By now it is quite an established fact that in the US, which is world’s largest soda market, demand for fizzy drinks is cooling as people become more health conscious.

While this is fueling demand for alternate beverages like energy drinks, sports drinks, juices, etc on one hand, this is also driving demand for soda options with lower calories. The lower calorie soda variants are becoming increasingly popular with people who would like to avoid the calories but do not like the taste of sugar-free diet soda.

The statistics that have emerged are quite exciting. According to Innova Market Insights, lower calorie drinks comprised 17.5% of all global soda launches in 2012. In the US the category outperformed the global trends and accounted for 25% of new product launches.

Dr Pepper has a full range of low calorie drinks

The third largest US soft drink maker has in the offering a new soda variant which contains only 10 calories per serving. Dr Pepper had been testing the concept since 2011 when it first launched its Dr Pepper Ten. It has recently expanded its portfolio by introducing five new flavors: 7Up Ten, A&W Ten, Sunkist Ten, Canada Dry Ten and RC Ten.

For its TEN drinks the company is promising the same full flavor as the original version of the sugar containing drink. One has to keep in mind that the success of any low calorie substitute ultimately depends on the taste. So if TEN can live up to the expectations the possibilities are mind blowing.

The company is spending $30 million on this initiative and has started aggressive television campaigning. The commercials will run all summer.

Aside from the TEN drinks, Dr Pepper Snapple Group Inc. (NYSE:DPS) also has low calorie versions for A&W root beer, 7Up lemon lime, RC Cola, etc, which are moderately successful.

An edge over soda kings

The best thing about the TEN drinks is that they can earn Dr Pepper Snapple Group Inc. (NYSE:DPS) a competitive edge over its heavyweight rivals The Coca-Cola Company (NYSE:KO) and PepsiCo, Inc. (NYSE:PEP).

The Coca-Cola Company (NYSE:KO) and PepsiCo, Inc. (NYSE:PEP) have both tried their luck with mid calorie drinks decades back with no success.
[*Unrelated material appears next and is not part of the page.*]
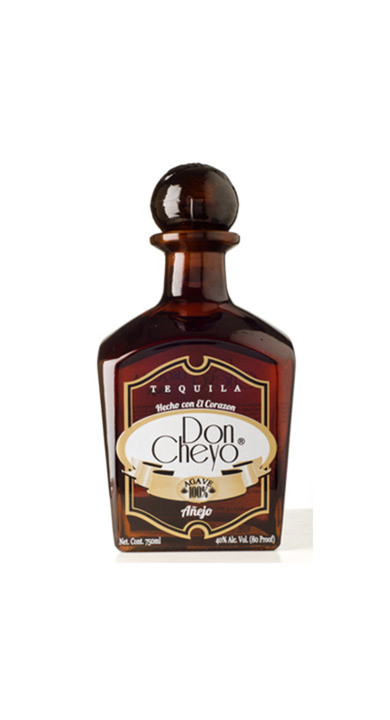 Bottle of Don Cheyo Añejo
The former had introduced a mid calorie drink called C2 in 2001 and the latter had launched a similar concept called Pepsi Edge in 2004. Both flopped.
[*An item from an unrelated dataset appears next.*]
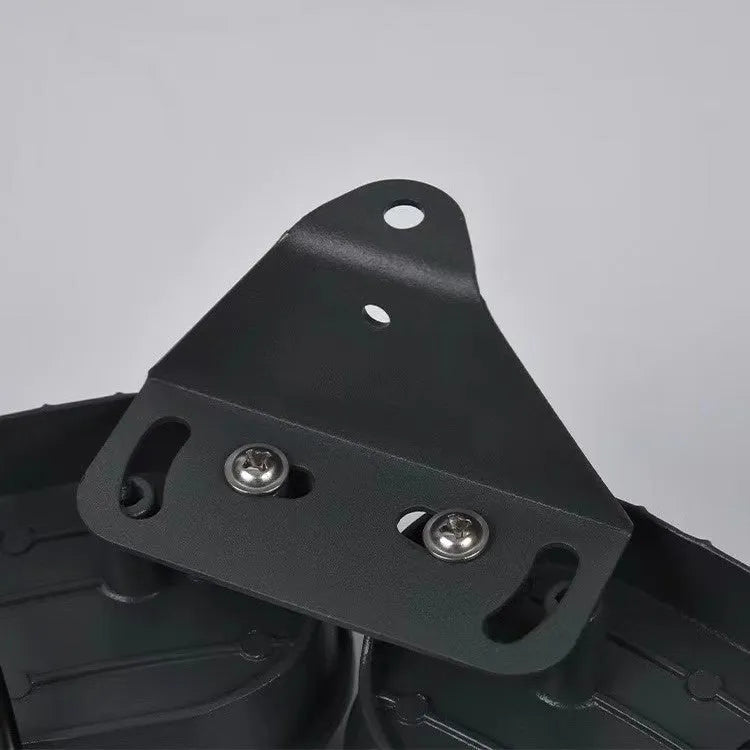 LED tree lamp with aluminium shell, five heads, IP65 rating, warm light, on a garden lawn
Now Pepsi has again come out with a new mid-calorie drink called PepsiCo, Inc. (NYSE:PEP) Next but this is yet to create a ripple. Recently Pepsi has reported 3% volume decline in the first quarter in its Americas Beverage group. Its soda volumes were down by mid single digits. The company also lost share to Coca-Cola. However Pepsi has its snack business to fall back on, but that is a story for another day.

Coming back to lower calorie drinks, The Coca-Cola Company (NYSE:KO) has recently launched mid calorie Sprite in UK which will permanently replace the sugar containing version. For the US market the company is still testing mid calorie versions for Sprite and Fanta but has not scheduled an official launch yet.
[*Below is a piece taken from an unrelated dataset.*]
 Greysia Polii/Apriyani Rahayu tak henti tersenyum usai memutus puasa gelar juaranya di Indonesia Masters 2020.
Coca-Cola’s launch of mid calorie drinks will be quite significant as the company is using natural sweeteners and not the high fructose corn syrup and artificial sweetners that Pepsi and Dr Pepper use in their lower calorie drinks.

So Coca-Cola can use this fact to differentiate its offerings and gain a competitive advantage. However stevia, the natural sweetener that it is using is believed to leave a bitter aftertaste so we have to see how these drinks fare on account of taste.

However, the point for Dr Pepper Snapple Group Inc. (NYSE:DPS) remains that now the market is clear in the lower calorie soda segment. So, TEN might just have the early mover advantage. The company has timed its launch well and all that needs to be seen is how well it scores on account of taste and how fast it grows its distribution channels.

Last word

Dr Pepper Snapple Group Inc. (NYSE:DPS) has fared well despite lower sales volumes. It is working hard to move towards a leaner cost structure and trying to improve its distribution channels. It has also stuck to its prices. Now if it can infuse life into its declining soda volumes through the new TEN drinks platform it should see significant long-term growth.